Exercise goal »
Only the first line of the listing and the lines after it, up to and including the one containing "Camiseta unissex de", should be retyped exactly.

*** Opening of Data for processing ***

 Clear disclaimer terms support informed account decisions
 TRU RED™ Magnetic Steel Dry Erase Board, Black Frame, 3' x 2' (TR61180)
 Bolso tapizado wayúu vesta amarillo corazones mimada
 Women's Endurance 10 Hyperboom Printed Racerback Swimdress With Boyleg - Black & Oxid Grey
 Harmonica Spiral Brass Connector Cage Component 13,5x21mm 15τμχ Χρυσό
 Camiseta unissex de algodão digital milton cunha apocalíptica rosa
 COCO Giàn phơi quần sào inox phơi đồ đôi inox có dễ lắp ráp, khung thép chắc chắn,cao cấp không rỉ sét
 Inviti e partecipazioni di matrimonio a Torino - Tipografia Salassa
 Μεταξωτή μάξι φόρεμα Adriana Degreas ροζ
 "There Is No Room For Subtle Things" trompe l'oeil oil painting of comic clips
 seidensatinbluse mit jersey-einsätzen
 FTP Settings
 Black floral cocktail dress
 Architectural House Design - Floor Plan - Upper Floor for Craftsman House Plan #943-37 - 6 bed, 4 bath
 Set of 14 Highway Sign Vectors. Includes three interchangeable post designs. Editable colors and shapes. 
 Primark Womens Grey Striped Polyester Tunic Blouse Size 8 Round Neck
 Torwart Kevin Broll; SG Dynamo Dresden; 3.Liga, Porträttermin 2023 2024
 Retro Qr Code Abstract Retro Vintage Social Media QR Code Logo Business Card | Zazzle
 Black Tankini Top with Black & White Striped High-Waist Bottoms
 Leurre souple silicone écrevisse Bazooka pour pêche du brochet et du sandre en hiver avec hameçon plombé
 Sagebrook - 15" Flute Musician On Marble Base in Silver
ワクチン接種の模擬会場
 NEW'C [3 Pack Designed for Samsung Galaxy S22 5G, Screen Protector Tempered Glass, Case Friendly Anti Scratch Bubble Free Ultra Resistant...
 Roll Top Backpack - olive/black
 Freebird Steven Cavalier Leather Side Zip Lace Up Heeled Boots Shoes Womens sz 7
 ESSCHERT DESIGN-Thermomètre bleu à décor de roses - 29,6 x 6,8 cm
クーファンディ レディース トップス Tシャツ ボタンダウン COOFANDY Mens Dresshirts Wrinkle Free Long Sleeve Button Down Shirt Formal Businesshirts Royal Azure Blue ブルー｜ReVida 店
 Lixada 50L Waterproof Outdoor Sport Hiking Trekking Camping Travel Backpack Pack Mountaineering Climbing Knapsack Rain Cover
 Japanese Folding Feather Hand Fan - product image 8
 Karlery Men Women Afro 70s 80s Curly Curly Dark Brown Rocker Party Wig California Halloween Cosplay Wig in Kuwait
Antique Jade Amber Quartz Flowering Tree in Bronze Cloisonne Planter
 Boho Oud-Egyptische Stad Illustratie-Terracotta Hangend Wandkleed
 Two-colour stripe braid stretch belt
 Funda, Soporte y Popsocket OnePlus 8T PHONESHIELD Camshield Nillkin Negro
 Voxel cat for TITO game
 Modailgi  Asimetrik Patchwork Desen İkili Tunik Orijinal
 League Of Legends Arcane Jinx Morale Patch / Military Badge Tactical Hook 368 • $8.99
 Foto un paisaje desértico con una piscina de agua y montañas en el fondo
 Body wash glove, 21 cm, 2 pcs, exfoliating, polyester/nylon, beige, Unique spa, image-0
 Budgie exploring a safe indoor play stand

*** Close of Data for processing ***

Written answer »
 Clear disclaimer terms support informed account decisions
 TRU RED™ Magnetic Steel Dry Erase Board, Black Frame, 3' x 2' (TR61180)
 Bolso tapizado wayúu vesta amarillo corazones mimada
 Women's Endurance 10 Hyperboom Printed Racerback Swimdress With Boyleg - Black & Oxid Grey
 Harmonica Spiral Brass Connector Cage Component 13,5x21mm 15τμχ Χρυσό
 Camiseta unissex de algodão digital milton cunha apocalíptica rosa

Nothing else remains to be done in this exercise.